Reputation: 1239
I want to split the string I have £300
but it seems that the split function first converts it to a ascii and after. But I can't convert it back to unicode the same as it was before.
Is there any other way to split such a unicode string without breaking it as in the snippet bellow.
# -*- coding: utf-8 -*-
mystring = 'I have £300.'
alist = mystring.split()
alist = [item.decode("utf-8") for item in alist]
print "alist",alist
print "mystring.split()",mystring.split()
#I want to get [I,have,£300]
#I get: ['I', 'have', '\xc2\xa3300.']
Upvotes: 1
Views: 1197
Reputation: 50200
The problem is not with split()
. The real problem is that the handling of unicode in python 2 is confusing.
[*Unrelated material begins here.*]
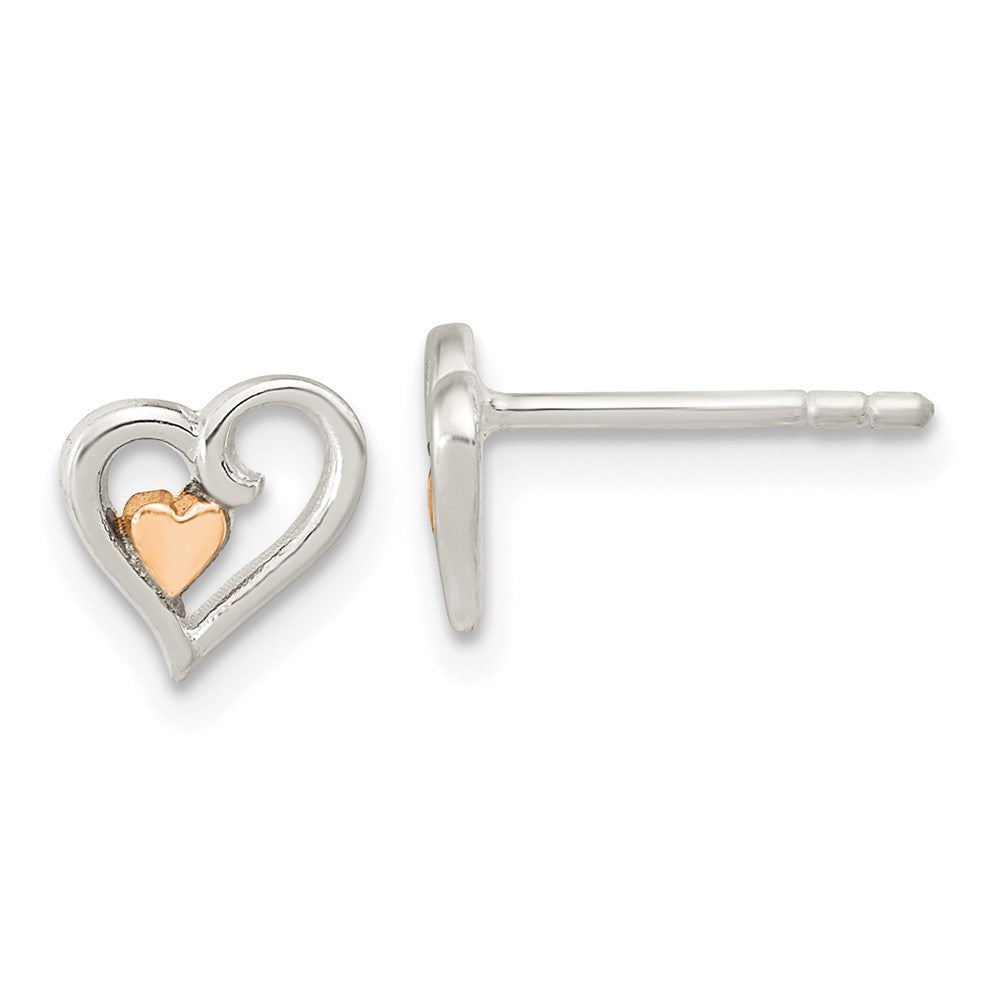 Sterling Silver & Rose-tone Open Heart Children's Post Earrings (0.86 grams)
The first line in your code produces a string, i.e. a sequence of bytes, which contains the utf-8 encoding of the symbol £
. You can confirm this by displaying the repr
of your original string:
>>> mystring
'I have \xc2\xa3300.'
The rest of the statements just do what you would expect them to with such input. If you want to work with unicode, create a unicode string to start with:
>>> mystring = u'I have £300.'
A far better solution, however, is to switch to Python 3. Wrapping your head around the semantics of unicode in python 2 is not worth the effort when there's such a superior alternative.
Upvotes: 1
Reputation: 113864
You are looking at a limitation of the way python 2 displays data.
Using python 2:
>>> mystring = 'I have £300.'
>>> mystring.split()
['I', 'have', '\xc2\xa3300.']
But, observe that it will print as you want:
>>> print(mystring.split()[2])
£300.
Using python 3, by contrast, it displays as you would like:
>>> mystring = 'I have £300.'
>>> mystring.split()
['I', 'have', '£300.']
A major reason to use python 3 is its superior handling of unicode.
Upvotes: 3